View from the Sandia. Photo by: Ryuta F. / unsplash

While hiking, bird-watching, and cross-country skiing are possible in parts of New Mexico if you bundle up, there are also other possibilities you might not have thought about.

The Transfer of Canes happens in many of New Mexico’s 19 Pueblos at the first of the year, combined with dances. This ceremonial event establishes and honors the new tribal leaders. The first canes (like scepters) given to the Pueblos were in 1620 from Spain’s King Phillip and indicated the blessing of the Catholic Church. In 1821, when Mexico became free from Spain, Mexico presented canes. Then in 1863, President Lincoln presented canes in recognition of Pueblo sovereignty and the authority of their governments. Other tribes have not been presented canes. There are six Pueblos in the mid Rio Grande watershed: Isleta (505-869-3111), Sandia (505-867-3317), Santa Ana (505-771-6700), San Felipe (505-867-3381), Kewa (505-465-2214), and Cochiti (505-465-2244). Some of the dances at this time of the year are open to the public, but the Transfer of Canes is probably not open to non-tribal members. Call the tribal governor’s office at the numbers listed above to get the latest information a day or two before planning to visit.

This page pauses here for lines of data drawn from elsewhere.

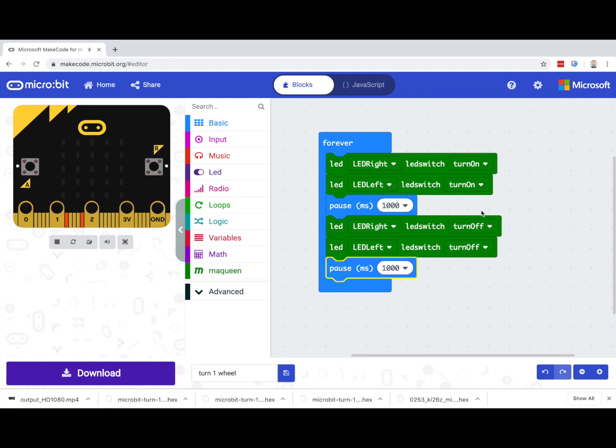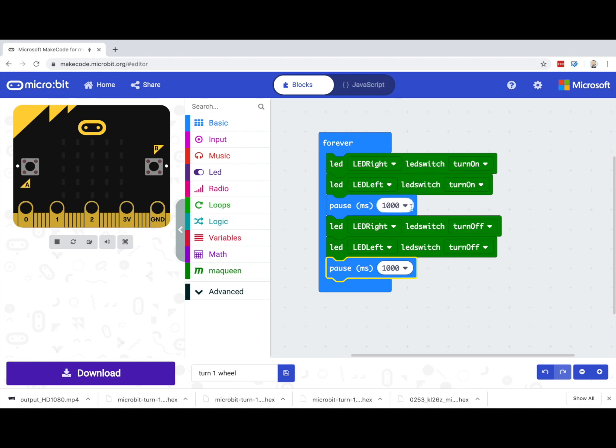The program I have here is very simple. It turns both of the LED lights, both the right and the left light on, pauses the program for one second, and then turns each light off, pausing for another second and looping around again.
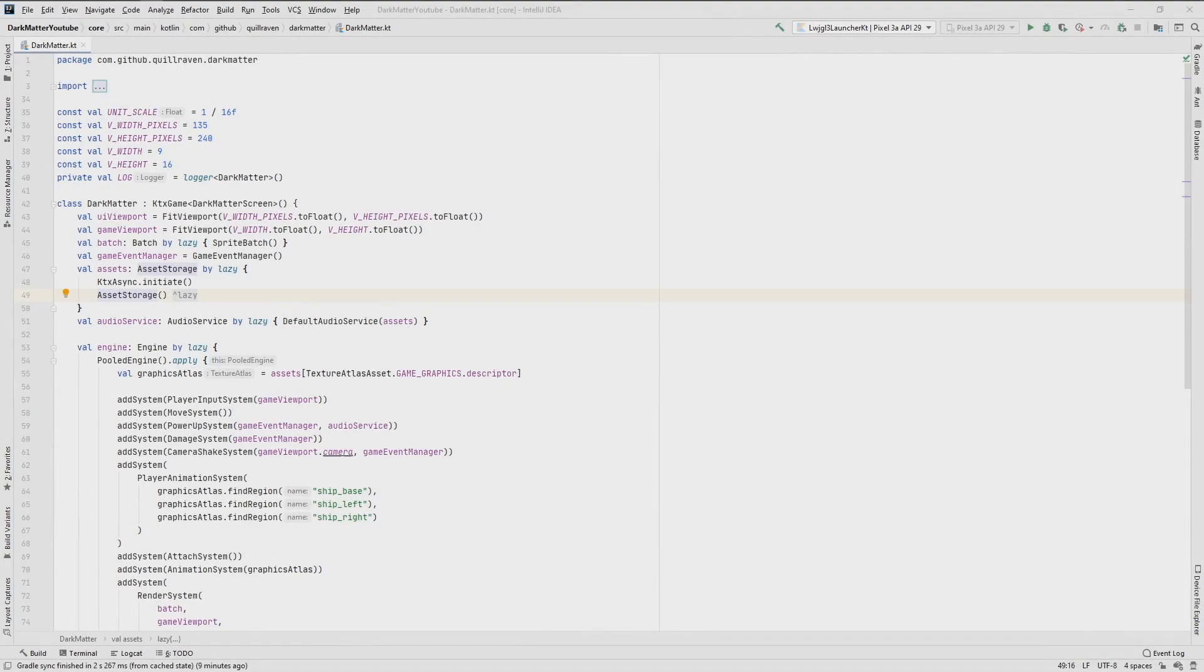Hey guys, it's Simon and welcome back to my LibGDX Kotlin tutorial series. In the last part we learned how to add the audio stuff to our game, so music and sound effects and everything.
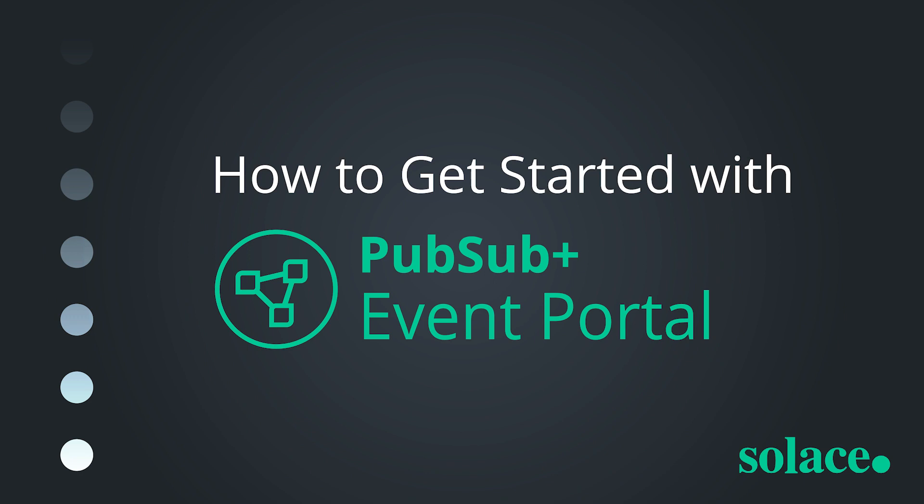Hi folks, welcome to the tutorial on how to get started with PubSub+ Event Portal. Today I'm going to show you how easy it is to create a new application domain and a new application, and then I'm going to show you how to find an existing event to subscribe to. All right, let's get started.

The legislature begins on January 17th this year. The Roundhouse is open to visitors. There are tours of the extensive artwork collection and educational booths in the Rotunda, and the committee and floor sessions are all open to the public.

There is also a Legislative Reception on January 23rd at the Santa Fe Convention Center where you may mingle with the legislators, cabinet officials, and the governor. The cost is $45.00 and tickets have to be purchased in advance by calling 505-988-3279.

And then there is eating all the leftovers of New Mexican traditional holiday food: tamales, posole, and biscochitos!